_YOUR GOAL_:
Copy out the listing that follows, exact in every word, and skip the images.

_AVAILABLE DATA_:
┌──
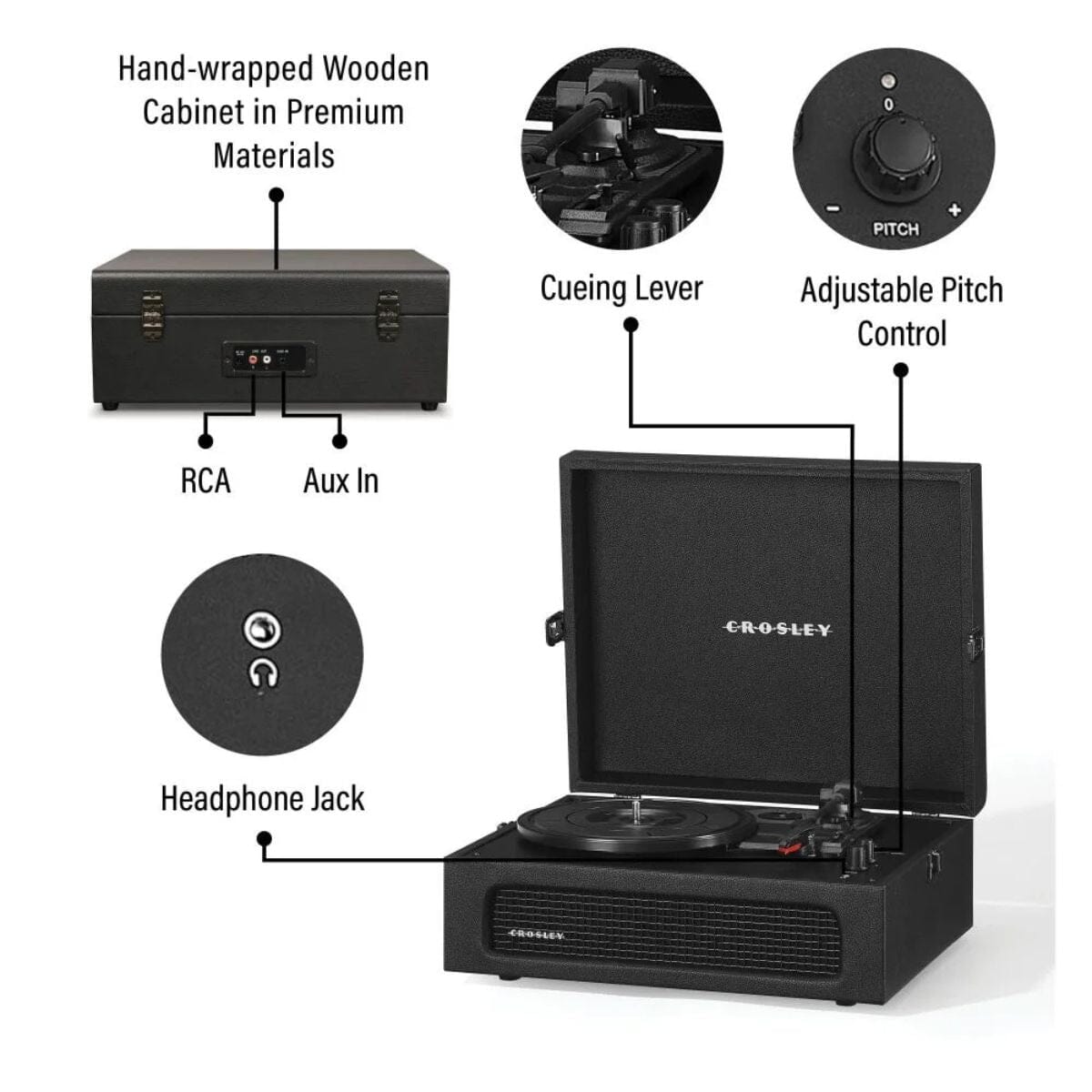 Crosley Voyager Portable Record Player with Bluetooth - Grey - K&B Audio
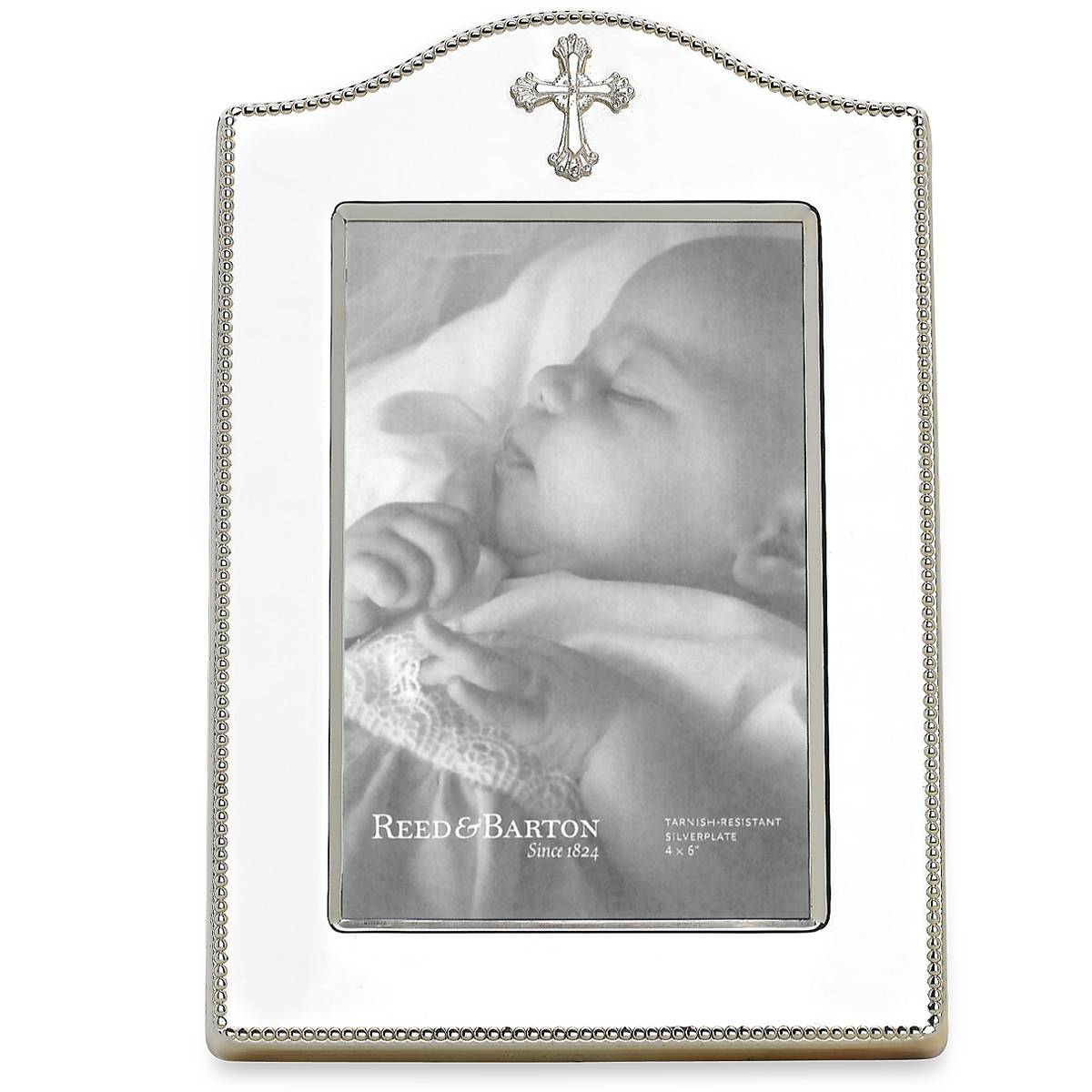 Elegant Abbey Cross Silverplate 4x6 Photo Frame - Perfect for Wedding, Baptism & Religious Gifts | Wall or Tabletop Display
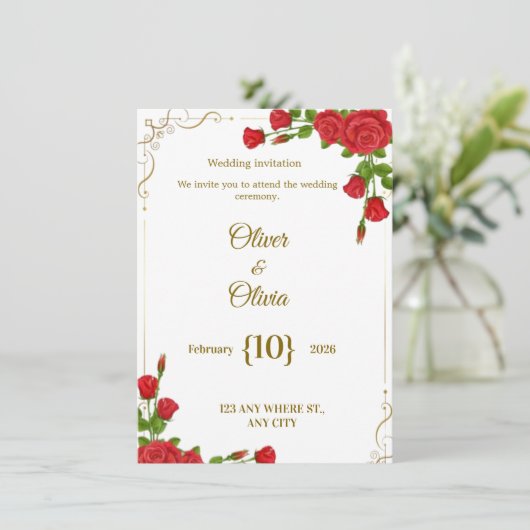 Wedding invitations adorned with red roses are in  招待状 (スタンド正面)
└──
_THE ANSWER_:
 Crosley Voyager Portable Record Player with Bluetooth - Grey - K&B Audio
 Elegant Abbey Cross Silverplate 4x6 Photo Frame - Perfect for Wedding, Baptism & Religious Gifts | Wall or Tabletop Display
 Wedding invitations adorned with red roses are in  招待状 (スタンド正面)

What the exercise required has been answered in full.